• _Given records_
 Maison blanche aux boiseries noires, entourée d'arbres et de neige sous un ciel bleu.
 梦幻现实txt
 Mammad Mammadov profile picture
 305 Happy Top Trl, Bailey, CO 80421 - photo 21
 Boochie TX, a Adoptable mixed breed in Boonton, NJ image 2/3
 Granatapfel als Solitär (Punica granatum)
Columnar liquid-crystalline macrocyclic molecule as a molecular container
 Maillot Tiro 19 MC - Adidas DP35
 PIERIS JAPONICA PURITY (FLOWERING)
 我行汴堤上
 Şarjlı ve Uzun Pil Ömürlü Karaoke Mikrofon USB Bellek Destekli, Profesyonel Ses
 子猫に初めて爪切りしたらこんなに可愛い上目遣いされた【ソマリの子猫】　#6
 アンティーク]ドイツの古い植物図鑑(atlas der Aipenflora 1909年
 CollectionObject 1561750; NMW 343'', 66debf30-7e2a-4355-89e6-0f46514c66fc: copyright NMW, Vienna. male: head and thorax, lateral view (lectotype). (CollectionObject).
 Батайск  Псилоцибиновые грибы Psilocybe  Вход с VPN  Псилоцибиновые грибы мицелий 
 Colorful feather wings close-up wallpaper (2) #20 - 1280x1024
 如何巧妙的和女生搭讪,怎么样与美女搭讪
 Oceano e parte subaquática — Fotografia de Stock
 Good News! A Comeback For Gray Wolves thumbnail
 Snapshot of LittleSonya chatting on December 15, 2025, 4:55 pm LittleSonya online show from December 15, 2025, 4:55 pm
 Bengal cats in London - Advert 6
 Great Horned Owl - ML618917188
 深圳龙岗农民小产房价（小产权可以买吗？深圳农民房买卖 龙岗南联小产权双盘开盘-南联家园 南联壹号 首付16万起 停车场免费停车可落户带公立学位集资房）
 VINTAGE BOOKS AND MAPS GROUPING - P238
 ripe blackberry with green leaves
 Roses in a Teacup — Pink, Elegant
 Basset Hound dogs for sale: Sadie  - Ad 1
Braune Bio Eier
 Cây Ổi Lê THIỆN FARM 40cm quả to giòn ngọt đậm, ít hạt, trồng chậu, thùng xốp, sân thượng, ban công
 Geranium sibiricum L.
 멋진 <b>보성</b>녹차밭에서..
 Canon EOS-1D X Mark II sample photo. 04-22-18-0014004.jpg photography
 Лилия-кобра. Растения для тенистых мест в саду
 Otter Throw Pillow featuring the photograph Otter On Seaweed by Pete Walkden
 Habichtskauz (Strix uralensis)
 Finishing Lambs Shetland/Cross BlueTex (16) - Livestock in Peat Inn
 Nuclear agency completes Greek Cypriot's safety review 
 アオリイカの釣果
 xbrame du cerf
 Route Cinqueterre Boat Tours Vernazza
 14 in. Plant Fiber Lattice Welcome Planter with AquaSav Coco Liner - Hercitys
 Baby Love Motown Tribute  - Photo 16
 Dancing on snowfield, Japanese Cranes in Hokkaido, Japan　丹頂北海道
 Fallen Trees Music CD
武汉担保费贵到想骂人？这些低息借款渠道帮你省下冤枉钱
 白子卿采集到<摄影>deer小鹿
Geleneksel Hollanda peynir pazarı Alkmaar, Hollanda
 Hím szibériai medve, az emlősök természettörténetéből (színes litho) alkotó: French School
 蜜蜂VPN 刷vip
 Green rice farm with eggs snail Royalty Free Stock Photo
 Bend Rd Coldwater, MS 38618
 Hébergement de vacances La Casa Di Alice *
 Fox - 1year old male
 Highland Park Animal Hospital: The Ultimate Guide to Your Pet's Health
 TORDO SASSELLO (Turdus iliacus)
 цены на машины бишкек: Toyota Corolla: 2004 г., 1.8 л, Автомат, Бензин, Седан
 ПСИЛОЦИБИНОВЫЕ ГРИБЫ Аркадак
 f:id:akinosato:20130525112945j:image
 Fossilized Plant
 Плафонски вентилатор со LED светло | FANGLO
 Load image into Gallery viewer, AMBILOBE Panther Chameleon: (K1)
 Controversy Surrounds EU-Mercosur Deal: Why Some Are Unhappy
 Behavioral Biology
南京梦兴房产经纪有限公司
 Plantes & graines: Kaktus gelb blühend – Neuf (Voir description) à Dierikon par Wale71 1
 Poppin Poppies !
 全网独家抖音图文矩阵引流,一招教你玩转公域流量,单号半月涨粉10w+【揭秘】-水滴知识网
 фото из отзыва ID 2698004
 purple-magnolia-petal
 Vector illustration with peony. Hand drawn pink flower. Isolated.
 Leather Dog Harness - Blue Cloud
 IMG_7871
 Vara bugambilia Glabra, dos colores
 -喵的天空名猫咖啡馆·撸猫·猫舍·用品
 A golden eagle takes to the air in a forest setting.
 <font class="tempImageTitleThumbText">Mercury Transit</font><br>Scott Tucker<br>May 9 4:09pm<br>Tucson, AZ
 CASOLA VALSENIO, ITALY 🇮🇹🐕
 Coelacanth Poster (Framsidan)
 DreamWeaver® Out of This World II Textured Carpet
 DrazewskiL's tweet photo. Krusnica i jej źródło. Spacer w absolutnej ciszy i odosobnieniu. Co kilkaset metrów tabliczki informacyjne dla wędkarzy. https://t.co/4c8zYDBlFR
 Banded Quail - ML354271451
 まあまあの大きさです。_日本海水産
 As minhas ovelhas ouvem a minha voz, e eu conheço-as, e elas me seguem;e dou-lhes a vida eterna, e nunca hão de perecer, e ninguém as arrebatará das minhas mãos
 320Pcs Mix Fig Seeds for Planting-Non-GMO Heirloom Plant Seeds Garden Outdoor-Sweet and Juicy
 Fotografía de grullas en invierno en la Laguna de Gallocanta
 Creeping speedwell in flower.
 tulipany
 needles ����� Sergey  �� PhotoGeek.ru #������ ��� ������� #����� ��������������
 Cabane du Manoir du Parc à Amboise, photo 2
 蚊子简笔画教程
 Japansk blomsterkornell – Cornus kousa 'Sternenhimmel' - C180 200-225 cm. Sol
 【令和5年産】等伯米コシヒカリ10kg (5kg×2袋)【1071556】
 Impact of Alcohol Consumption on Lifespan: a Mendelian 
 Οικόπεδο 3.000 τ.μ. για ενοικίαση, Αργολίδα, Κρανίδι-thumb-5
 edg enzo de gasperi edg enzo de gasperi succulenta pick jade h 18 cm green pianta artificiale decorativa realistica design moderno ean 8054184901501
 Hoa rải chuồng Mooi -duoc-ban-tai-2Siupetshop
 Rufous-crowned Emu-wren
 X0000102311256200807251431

• _Exercise_
When a line in the material above holds the word "with", copy that line.

• _Exercise output_
 ripe blackberry with green leaves
 14 in. Plant Fiber Lattice Welcome Planter with AquaSav Coco Liner - Hercitys
 Green rice farm with eggs snail Royalty Free Stock Photo
 Vector illustration with peony. Hand drawn pink flower. Isolated.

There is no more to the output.